__Exercise__:
Everything from the line with "25 Pack - 3.5g" through the last line of the data below should be copied exactly, apart from the pictures.

__Data shown__:
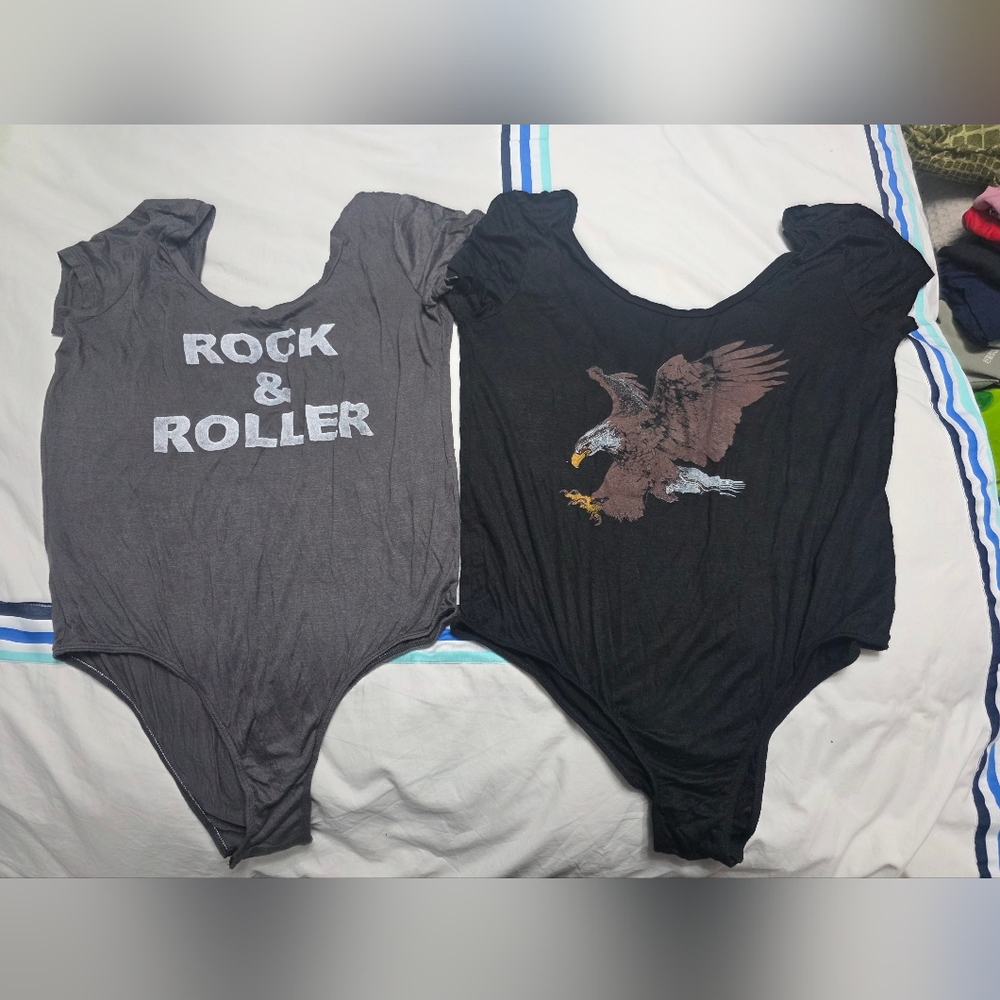 Rock & Roller Kids Shirt - Gray and Black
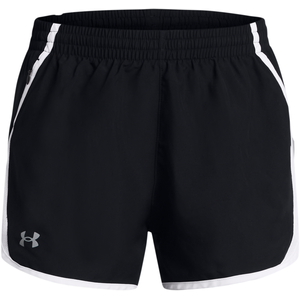 Under Armour Fly By Short De Running Femmes - Noir , Blanc, Taille XS pas cher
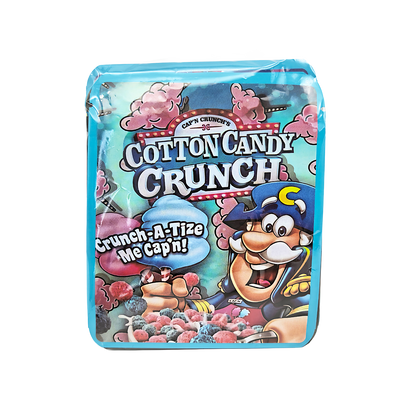 25 Pack - 3.5g Thick Sticker Mylar Bags Premium Smell Proof Packaging  | Crunch Cereal Collection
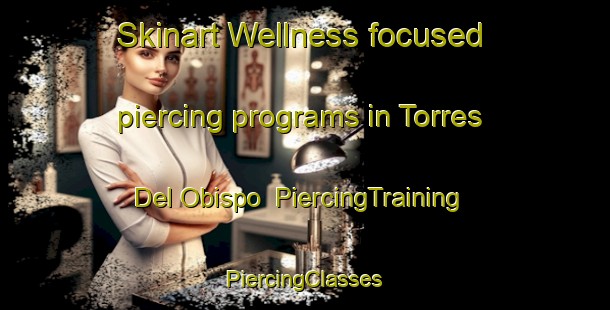 Skinart Wellness-focused piercing programs in Torres Del Obispo | #PiercingTraining #PiercingClasses #SkinartTraining-Spain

__Task solution__:
 25 Pack - 3.5g Thick Sticker Mylar Bags Premium Smell Proof Packaging  | Crunch Cereal Collection
 Skinart Wellness-focused piercing programs in Torres Del Obispo | #PiercingTraining #PiercingClasses #SkinartTraining-Spain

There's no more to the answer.